Physics Instructional Resource Association
- Location: United States;

= Physics Instructional Resource Association =

American association of physics education professionals and enthusiasts

The Physics Instructional Association (PIRA) is an American association of physics education professionals and enthusiasts. Members are physics teachers, physics administrators, physics educational support staff and physics students. Interests cover all aspects of physics education with an emphasis on demonstrations, laboratories and outreach.

The association is also responsible for maintaining the Demonstration Classification Scheme (DCS), a standardized scheme for categorization of physics demonstrations.

==Affiliations==
PIRA holds annual meetings during the summer meeting of the American Association of Physics Teachers. It is sponsored by the Apparatus Committee and annually hosts the Lecture Demonstration Workshop. PIRA assists or hosts the Physics Demonstrations Show at each summer meeting when the hosting institution requests.

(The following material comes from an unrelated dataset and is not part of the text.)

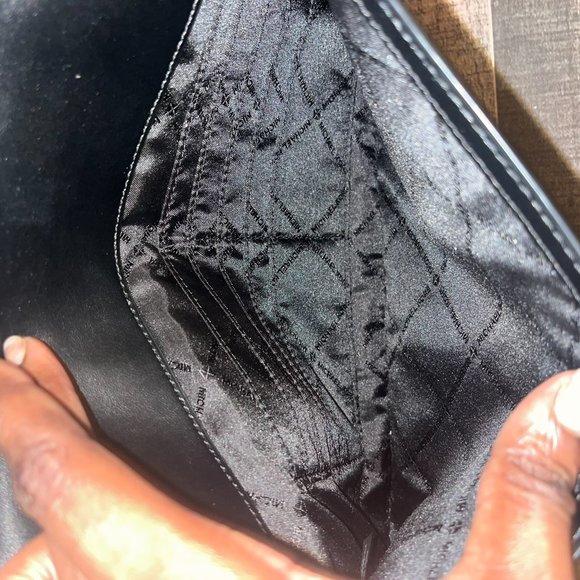 Michael Kors Wristlet Brown & Black Clutch Purse - Picture 3 of 3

==Demonstration bibliography==
PIRA has continually updated the Demonstration Bibliography since its inception in the 1980s. It is based on a unique numbering system called the Demonstration Classification Scheme (DCS). The scheme originated from the demonstrations catalog used at the University of Minnesota.

PIRA has also generated a subset of this list called the PIRA 200. These 200 demonstrations are the recommended basic collection for any physics department.